I am keeping up hope. I have a wonderfully supportive husband and great family and friends who will see me through this. All your advice is very appreciated.

Anyone out there have the robotic surgery? I am wondering when I will get my voice back. I am a consultant who will be very limited in my ability to make a living if I can't speak.

Lizzie

Kent Cass's picture
Kent Cass
Posts: 1749
Joined: Nov 2009

Hope Dr. Genden does accept you. And, even if he doesn't, you might try to make inquiries as to what he/his office might suggest you to do with the surgery. 3-hours is a long drive. Are you closer to Albany, or to a center in a neighboring state to the east? Again, Lizzie, I would urge you to find the best place possible for your surgery, and whatever is to follow. Please keep us updated.

kcass

Hondo's picture
Hondo
Posts: 6136
Joined: Apr 2009

I agree with Kent you are dealing with cancer so find the best place you can to do any type of treatment. Wishing you well and welcome to the Family here on CSN.

Hondo

lizziek's picture
lizziek
Posts: 27
Joined: Feb 2011

I am scheduled to see Dr. Genden Thursday morning. I will take a train from Albany (about half hour drive from my place)into the city Wednesday afternoon. My daughter works in the city and will meet me.

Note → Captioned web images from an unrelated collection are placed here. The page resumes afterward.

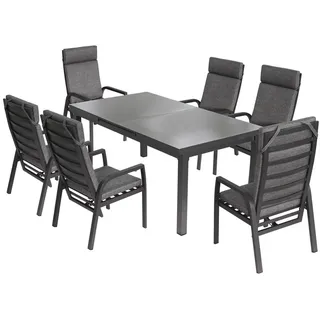 bellavista - Home&Garden® Gartentisch »Boston 3« Gartenmöbel Set ausziehbar Sitzgruppe Outdoor Garnitur (Set, 7-St., 1x Tisch, 6x Hochlehner Gartenstühle), Aluminium, für 6 Personen, Ausziehtisch, wetterfest - Garten, Terrasse grau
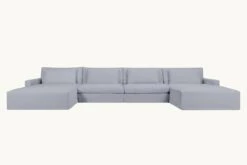 Devyn U-Shape Sectional Slipcover Only -SIXPENNY STORE devyn ushape sectional washed cotton linen dried lavender product slipcover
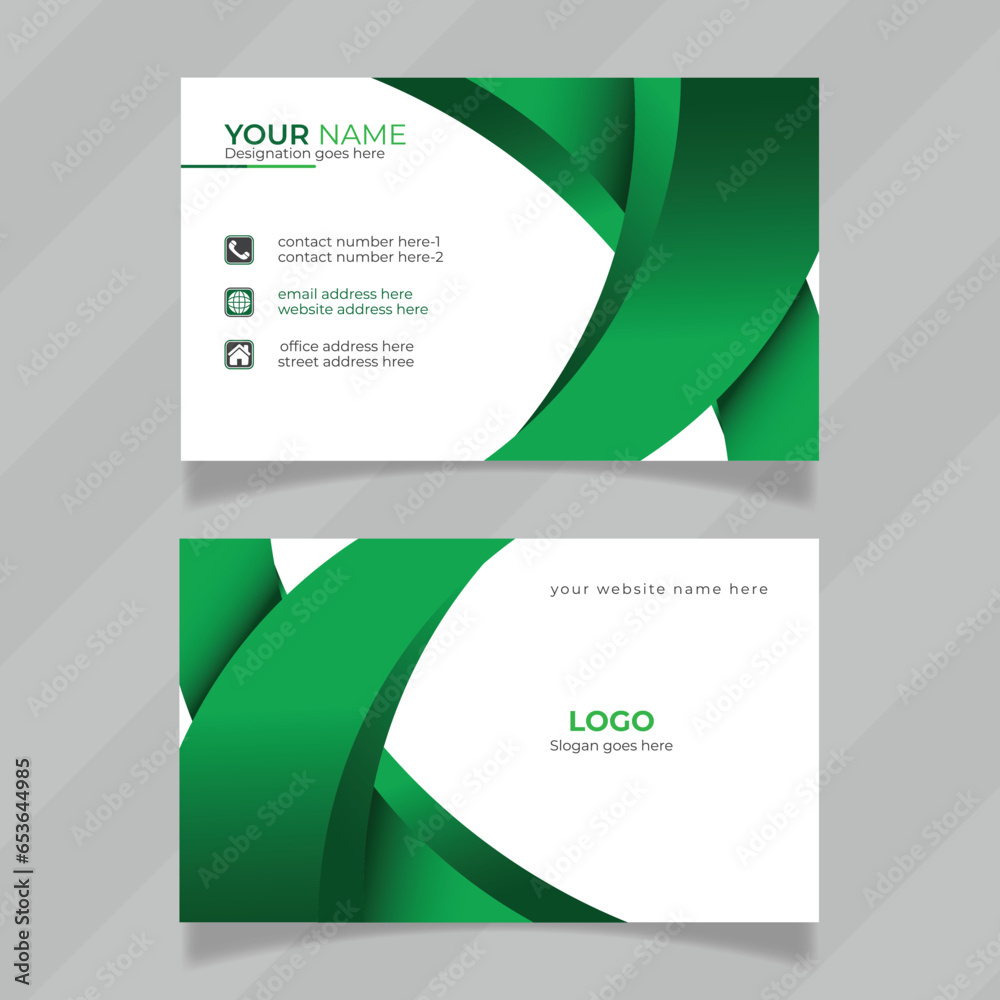 Poster creative business card design with 3d shape concept. green and white color personal information card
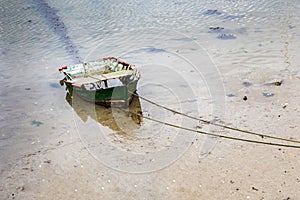 Old fishing boat moored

Right now the biggest concern is my local HMO insurance company. My primary sent in an urgent letter to get this appointment approved (out of network). I may end up paying $300 to 500 to see this doctor if the approval doesn't come in on time (ugh). I did talk to my ENT in Albany and he concurs that Dr. Genden in NYC is the top guy and that an all in one surgery with the robot would be the best treatment instead of the planned two step (biopsy surgery followed by surgery/neck resection (if necessary)). I personally want it over on one surgery. The ENT is willing to help me get the insurance company to agree but I fear they will take forever to review and will then deny me because of the added cost. I don't think Mount Sinai will take be if they can't be assured of being paid.

Wonderful, I just got a call from the insurance company they authorized the visit on Thursday and told me what I have to do to get the surgery approved. The woman was very nice and I am now hopeful. Let's hope my luck holds.

sweetblood22's picture
sweetblood22
Posts: 3228
Joined: Jan 2010

That's great, Lizzie. I am hopping all goes well for you with your insurance and your appointment.

UWSNYC
Posts: 11
Joined: Aug 2010

I was treated by Dr Genden at Mount Sinai last year. I had a good experience. Please feel free to contact me if you have any questions.
If you decide to have your treatment in NYC, the American Cancer Society runs Hope Lodge on West 32nd St. They provide free housing for the person undergoing treatment and his/her caregiver. Mount Sinai can make the arrangements for you. You need to plan ahead, but I understand it's well worth it.

Kent Cass's picture
Kent Cass
Posts: 1749
Joined: Nov 2009

Great to hear the Insurance is cooperating, and hope Thursday's meet results in the best solution by the most capable you could expect. Excellent to hear. Keep moving forward, Lizzie. You are getting this done the right way.

And UWSNYC- an exceptional bit of info for Lizzie.